Watch everything they’ve made.
7. The Devil, Probably – Robert Bresson
1977’s The Devil, Probably is a lesser known work from an auteur whose cinematic style differs from nearly all others. Working from a notion of cinema as a wholly new art form, suspicious of other director’s attempts to impose theatrical form onto a completely ‘other’ medium, there’s an undeniable uniqueness to Bresson’s work: the automated movement of his characters, the flat delivery of lines, the restrictive shots – you get the gut level feeling your watching something meticulously crafted and intentional (though you are at times ensure what that thing is).

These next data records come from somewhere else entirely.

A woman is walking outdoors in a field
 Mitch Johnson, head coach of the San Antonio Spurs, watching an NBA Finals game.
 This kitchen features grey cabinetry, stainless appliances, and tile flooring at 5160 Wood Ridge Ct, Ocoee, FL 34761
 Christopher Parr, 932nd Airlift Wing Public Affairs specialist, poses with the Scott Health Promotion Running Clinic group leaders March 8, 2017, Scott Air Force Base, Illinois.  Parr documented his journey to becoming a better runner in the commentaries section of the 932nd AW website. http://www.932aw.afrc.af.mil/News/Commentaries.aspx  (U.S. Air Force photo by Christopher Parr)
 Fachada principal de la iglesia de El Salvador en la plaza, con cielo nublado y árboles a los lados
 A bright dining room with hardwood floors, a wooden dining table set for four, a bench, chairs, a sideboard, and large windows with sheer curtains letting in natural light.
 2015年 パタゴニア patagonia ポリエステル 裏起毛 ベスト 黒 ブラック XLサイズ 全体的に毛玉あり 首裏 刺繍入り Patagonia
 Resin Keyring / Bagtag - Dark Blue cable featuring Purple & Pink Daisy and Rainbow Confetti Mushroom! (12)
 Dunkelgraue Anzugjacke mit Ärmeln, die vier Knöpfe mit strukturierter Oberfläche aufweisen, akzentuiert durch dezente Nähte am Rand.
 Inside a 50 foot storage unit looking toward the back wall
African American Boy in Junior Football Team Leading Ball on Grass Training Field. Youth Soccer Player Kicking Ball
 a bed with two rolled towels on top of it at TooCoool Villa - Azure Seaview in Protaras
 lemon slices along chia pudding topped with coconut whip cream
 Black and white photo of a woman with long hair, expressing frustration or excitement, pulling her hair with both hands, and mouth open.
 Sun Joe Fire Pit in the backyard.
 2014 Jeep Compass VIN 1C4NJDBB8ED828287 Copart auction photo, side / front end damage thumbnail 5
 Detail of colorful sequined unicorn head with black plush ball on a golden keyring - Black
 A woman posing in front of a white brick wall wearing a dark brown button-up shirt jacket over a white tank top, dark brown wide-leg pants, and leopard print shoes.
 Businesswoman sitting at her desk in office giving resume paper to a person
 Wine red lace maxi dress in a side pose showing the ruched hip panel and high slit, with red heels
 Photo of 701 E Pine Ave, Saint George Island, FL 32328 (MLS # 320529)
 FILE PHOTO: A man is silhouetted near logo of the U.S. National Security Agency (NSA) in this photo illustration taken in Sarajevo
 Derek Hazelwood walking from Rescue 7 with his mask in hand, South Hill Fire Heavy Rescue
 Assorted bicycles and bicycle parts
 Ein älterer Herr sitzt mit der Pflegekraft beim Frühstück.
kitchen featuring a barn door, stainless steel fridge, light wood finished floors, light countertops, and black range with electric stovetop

His penultimate work, that takes place following the 1968 Paris Uprising, concerns the suicide of a listless Parisian youth, following him in the days prior to his death, as he wanders through, and thumbs his nose at, the various political and spiritual milieus of the city’s Bourgeoisie.
It’s a bleak, nihilistic film – bringing to mind the famous Camus essay The Myth of Sisyphus – but well worth a watch if you’re into the stark, brooding aesthetic of 1970’s art films; and with a prescient preoccupation with environmental issues and doomer philosophical brain twisters, the film will strike a chord with anyone understandably suffering from the lassitudes of late capitalism.
8. The Fury – Brian De Palma
Enough of that brooding toss – give me telekinesis!
De Palma followed up Carrie with 1978’s The Fury: a supernatural thriller starring an aged Kirk Douglas as a ex-CIA agent who, following a failed assassination attempt, has to rescue his kidnapped psychic son from the panto villainy of smouldering short-arse John Cassavates, who wants to harness his powers for governmental evil. Starring Carrie alumnus Amy Irving as Gillian, a high-schooler with telekinetic powers, who becomes embroiled in the father’s quest.
If it sounds kinda mental, it is. Half the film is s sort of Kirk Douglas action vehicle, where he’s running around arse out trying to find his son and meeting psychics and lovers of his past; the other (more interesting) half concerns the grooming of his son at the hands of the son’s lascivious charge. It’s an indelicate balancing act, but it bristles with energy, the film looks great, and I mean it’s still Kirk Douglas, no matter how old or weirdly in love with is son he is.
An ode to the Hitchcock thriller, featuring an(other) on-point score from John Williams, The Fury might be a little close to the themes of Carrie to have hit with a wider audience (it did well at the box office, but I don’t really hear people much talk about it), but it’s big, and dumb, and features the most banging denouement in cinematic history.
9. Knightriders – George A. Romero
The horror maestro followed up his mega success Dawn of the Dead with a personal (and mad eccentric) film about a renaissance fair troupe, who travel about jousting atop motorcycles, led by the idealist King William (a stoical, intense, and never better Ed Harris) who is faced with sedition when a spivvy promoter arrives and threatens to take the troop in a more profitable (ignoble) direction.
Starring make-up artist (and Rodriguez regular) Tom Savini as King William’s frustrated heir apparent, the film seems quite explicitly to deal with Romero’s own struggles and frustrations with independent filmmaking, and bristles with odes to the mad joys and principles underlining group life in a counter-culture.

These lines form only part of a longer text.